* [PROBLEM STATEMENT]: The entries below are to be restated exactly, and their images are to be omitted.

+ + + + + + +

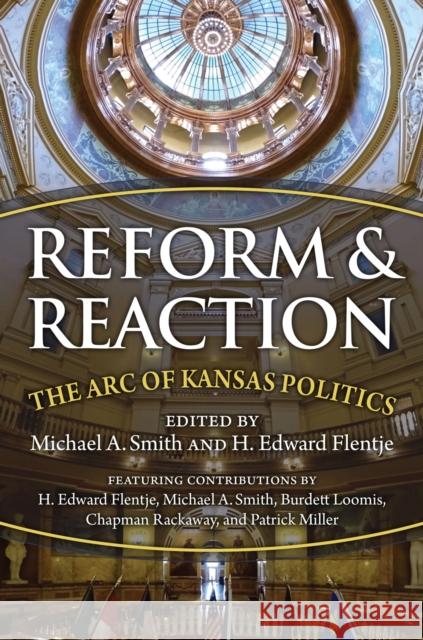 Reform and Reaction: The Arc of Modern Kansas Politics H. Edward Flentje 9780700636617 University Press of Kansas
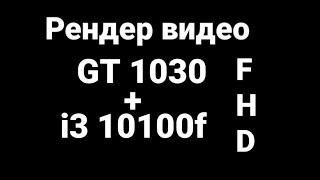 Рендер видео на GT 1030 + i3 10100f тест. На что способна связка 1030 + 10100f в рендере видео в FHD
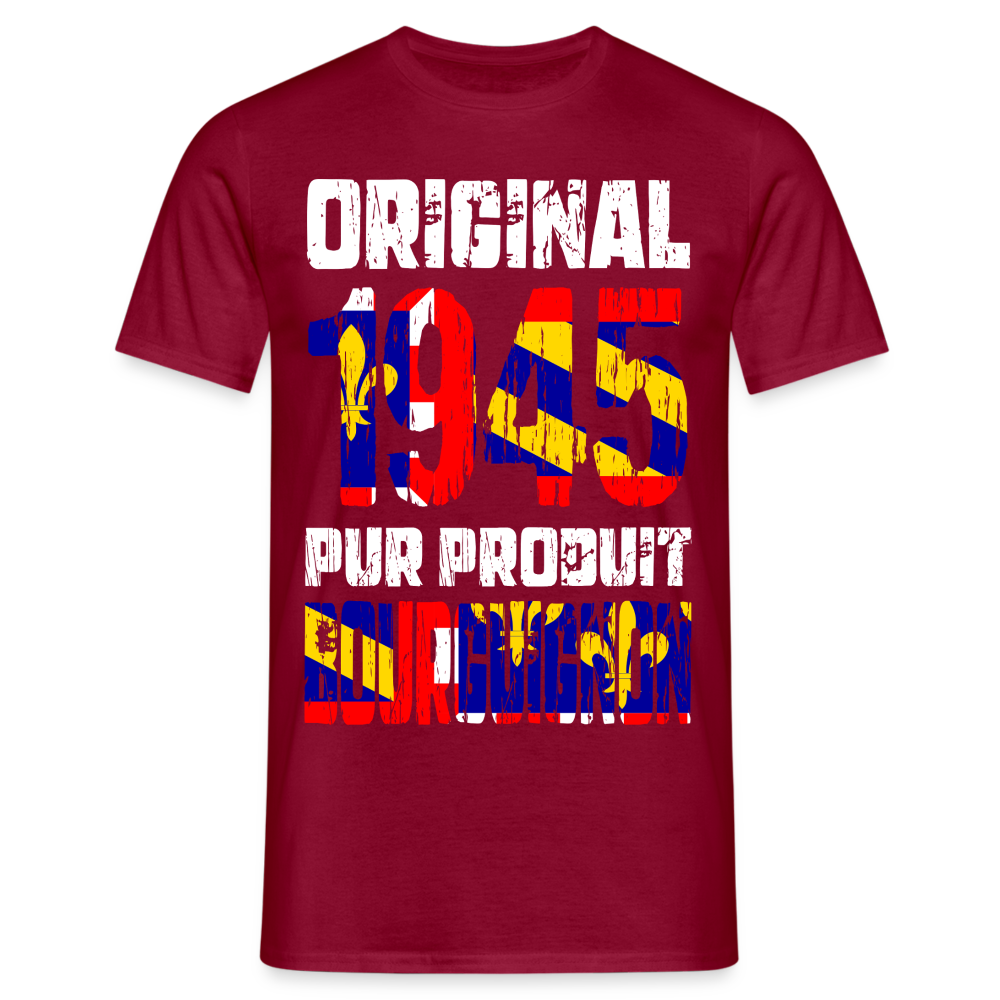 T-shirt Homme - Anniversaire 80 Ans - Original 1945 - Pur produit Bourguignon - rouge brique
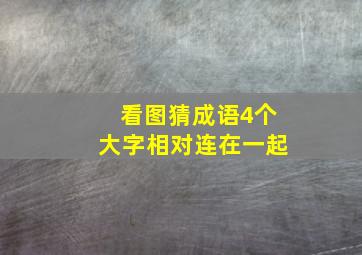 看图猜成语4个大字相对连在一起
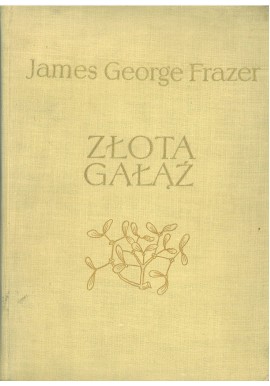 Złota Gałąź James George Frazer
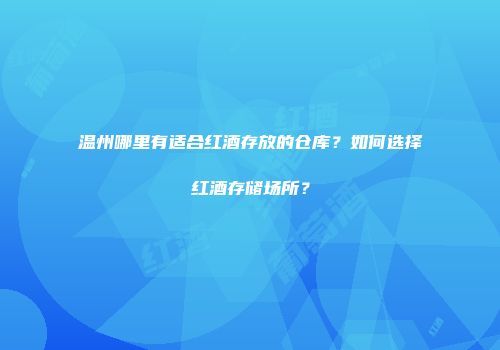 温州哪里有适合红酒存放的仓库？如何选择红酒存储场所？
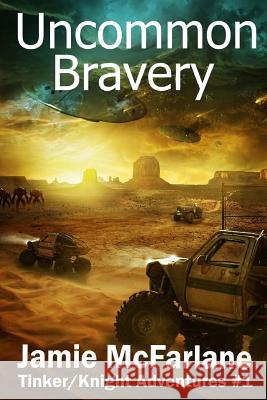 Uncommon Bravery Jamie McFarlane 9781725078956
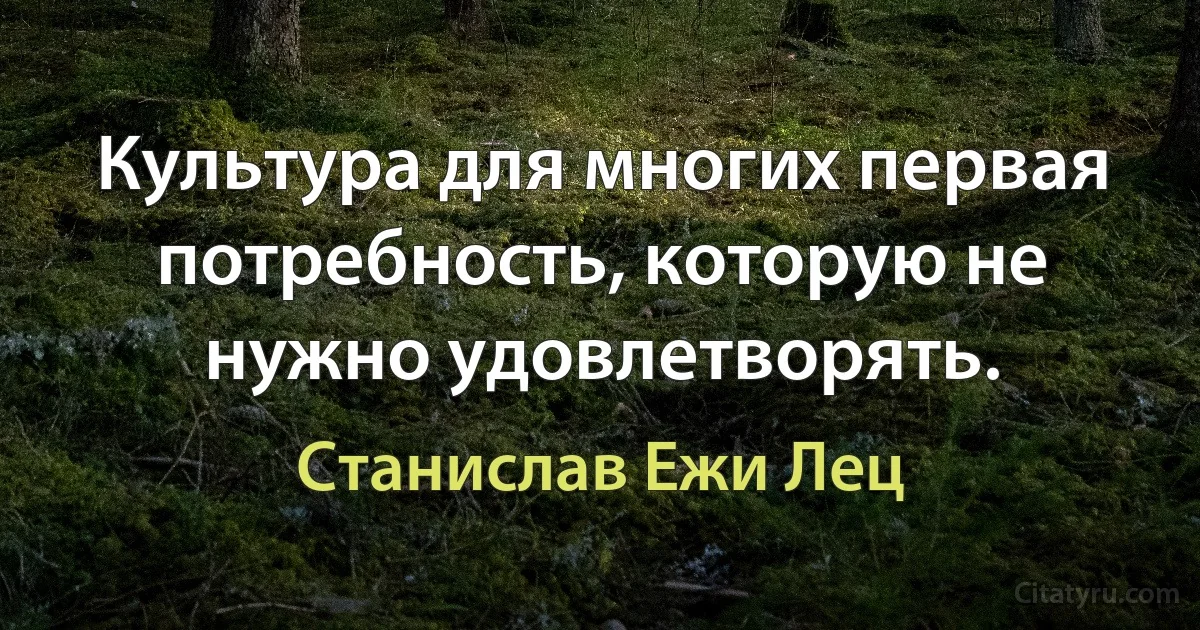 Культура для многих первая потребность, которую не нужно удовлетворять. (Станислав Ежи Лец)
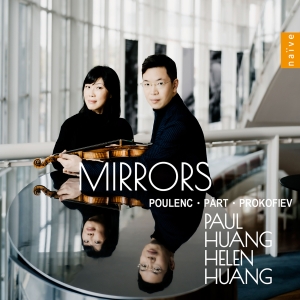 Paul Huang Helen Huang - Poulenc, Pärt & Prokofiev: Mirrors ryhmässä Övrigt /  @ Bengans Skivbutik AB (5570693)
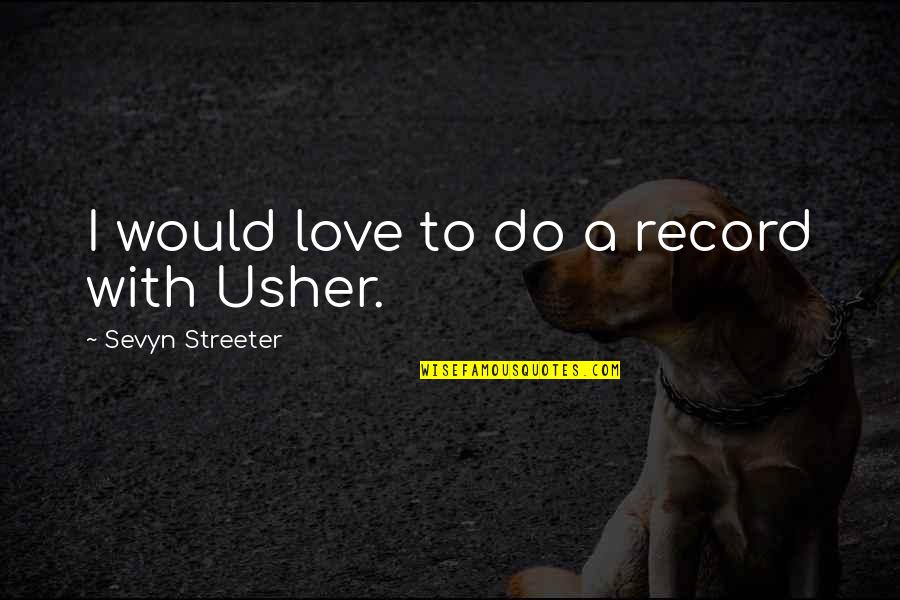Streeter Quotes By Sevyn Streeter: I would love to do a record with Streeter Quotes By Sevyn Streeter: I would love to do a record with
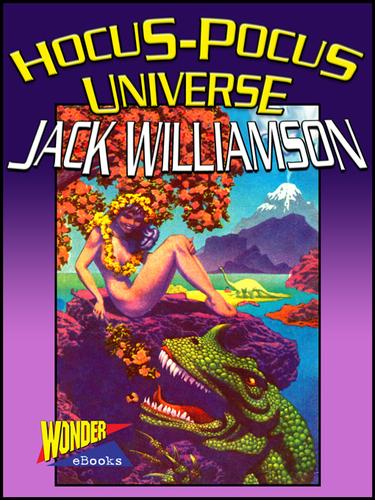 Hocus-Pocus Universe by Jack Williamson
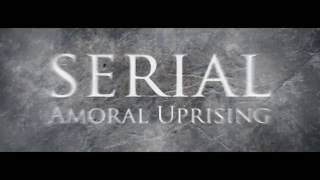 SERIAL: Amoral Uprising Official Trailer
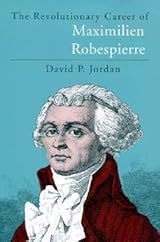 The Revolutionary Career of Maximilien Robespierre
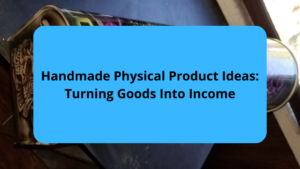 Handmade Physical Product Ideas Turning Goods Into Income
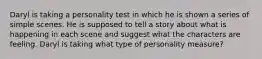 Daryl is taking a personality test in which he is shown a series of simple scenes. He is supposed to tell a story about what is happening in each scene and suggest what the characters are feeling. Daryl is taking what type of personality measure?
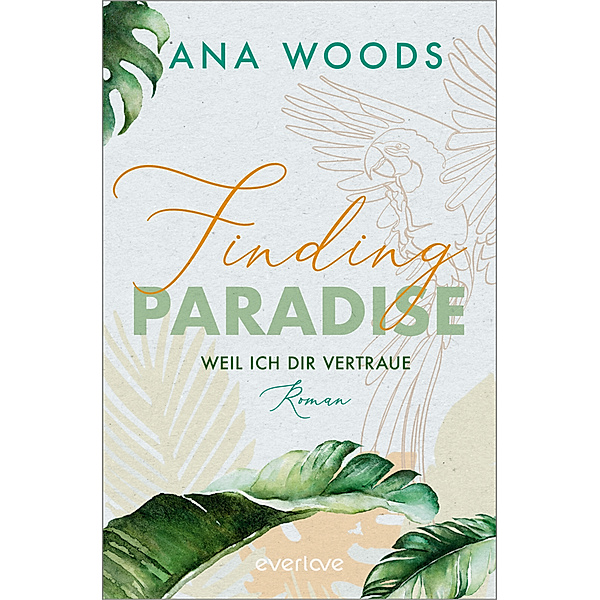 Finding Paradise - Weil ich dir vertraue / Make a Difference Bd.1, Ana Woods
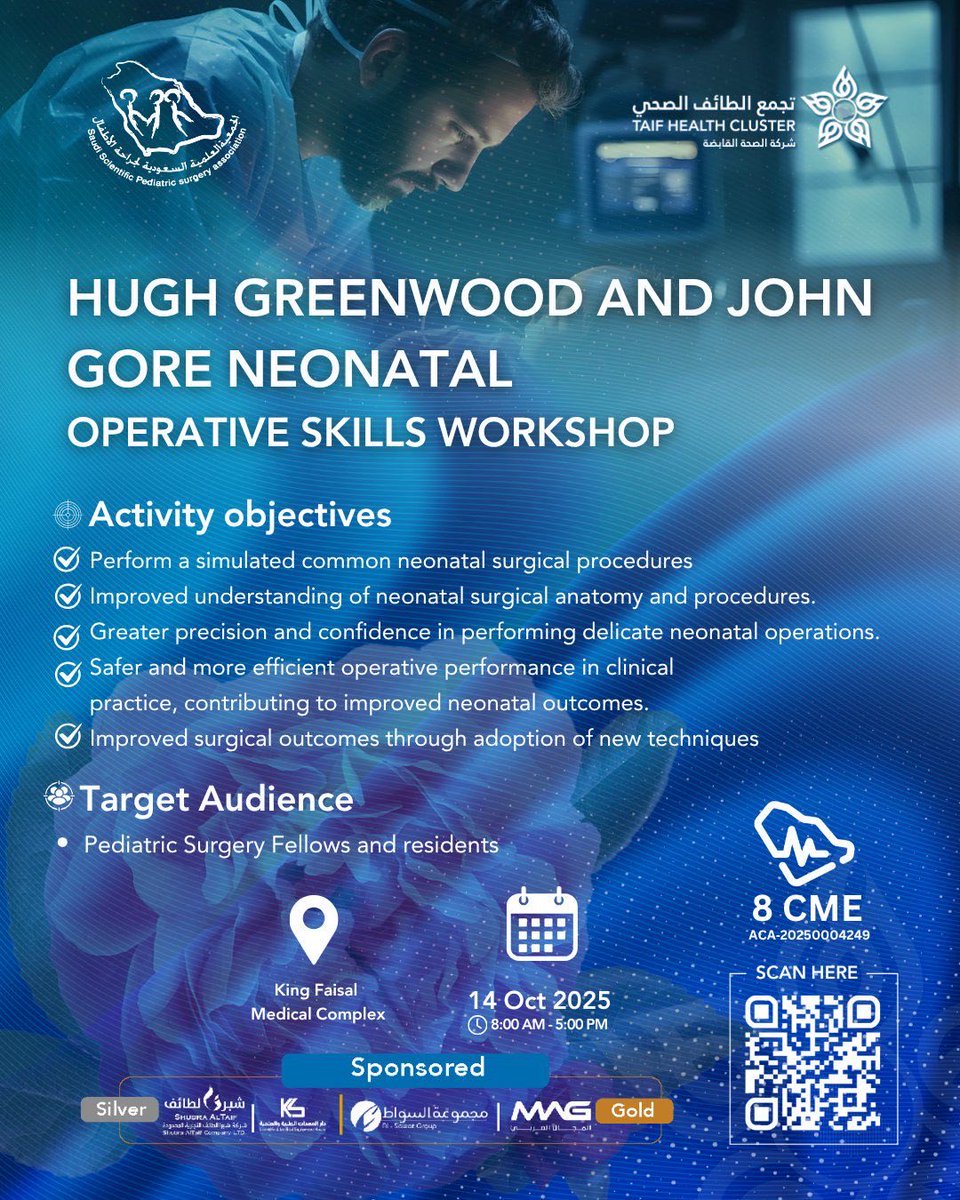 تجمع الطائف الصحي Taif Health Cluster (@taifhcluster) on Twitter photo ⏰ Only 1 day left Neonatal Operative Skills Workshop!
A hands-on neonatal surgery workshop led by top consultants .
📍 King Faisal Medical Complex – Taif
📅 October 14, 2025
🕗 8:00 AM – 5:00 PM
✅ 8 CME Hours
🔗 Register now:
saudispsa.com
@afaqlms
<a href="/TaifHCluster/">تجمع الطائف الصحي Taif Health Cluster</a> ⏰ Only 1 day left Neonatal Operative Skills Workshop!
A hands-on neonatal surgery workshop led by top consultants .
📍 King Faisal Medical Complex – Taif
📅 October 14, 2025
🕗 8:00 AM – 5:00 PM
✅ 8 CME Hours
🔗 Register now:
saudispsa.com
@afaqlms
<a href="/TaifHCluster/">تجمع الطائف الصحي Taif Health Cluster</a>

+ + + + + + +

* [RESULT OF THE TASK]:
 Reform and Reaction: The Arc of Modern Kansas Politics H. Edward Flentje 9780700636617 University Press of Kansas
 Рендер видео на GT 1030 + i3 10100f тест. На что способна связка 1030 + 10100f в рендере видео в FHD
 T-shirt Homme - Anniversaire 80 Ans - Original 1945 - Pur produit Bourguignon - rouge brique
 看图猜成语4个大字相对连在一起
 Złota Gałąź James George Frazer
 温州哪里有适合红酒存放的仓库？如何选择红酒存储场所？
 Uncommon Bravery Jamie McFarlane 9781725078956
 Культура для многих первая потребность, которую не нужно удовлетворять. (Станислав Ежи Лец)
 Paul Huang Helen Huang - Poulenc, Pärt & Prokofiev: Mirrors ryhmässä Övrigt /  @ Bengans Skivbutik AB (5570693)
Streeter Quotes By Sevyn Streeter: I would love to do a record with Streeter Quotes By Sevyn Streeter: I would love to do a record with
 Hocus-Pocus Universe by Jack Williamson
 SERIAL: Amoral Uprising Official Trailer
 The Revolutionary Career of Maximilien Robespierre
 Handmade Physical Product Ideas Turning Goods Into Income
 Daryl is taking a personality test in which he is shown a series of simple scenes. He is supposed to tell a story about what is happening in each scene and suggest what the characters are feeling. Daryl is taking what type of personality measure?
 Finding Paradise - Weil ich dir vertraue / Make a Difference Bd.1, Ana Woods
 تجمع الطائف الصحي Taif Health Cluster (@taifhcluster) on Twitter photo ⏰ Only 1 day left Neonatal Operative Skills Workshop!
A hands-on neonatal surgery workshop led by top consultants .
📍 King Faisal Medical Complex – Taif
📅 October 14, 2025
🕗 8:00 AM – 5:00 PM
✅ 8 CME Hours
🔗 Register now:
saudispsa.com
@afaqlms
<a href="/TaifHCluster/">تجمع الطائف الصحي Taif Health Cluster</a> ⏰ Only 1 day left Neonatal Operative Skills Workshop!
A hands-on neonatal surgery workshop led by top consultants .
📍 King Faisal Medical Complex – Taif
📅 October 14, 2025
🕗 8:00 AM – 5:00 PM
✅ 8 CME Hours
🔗 Register now:
saudispsa.com
@afaqlms
<a href="/TaifHCluster/">تجمع الطائف الصحي Taif Health Cluster</a>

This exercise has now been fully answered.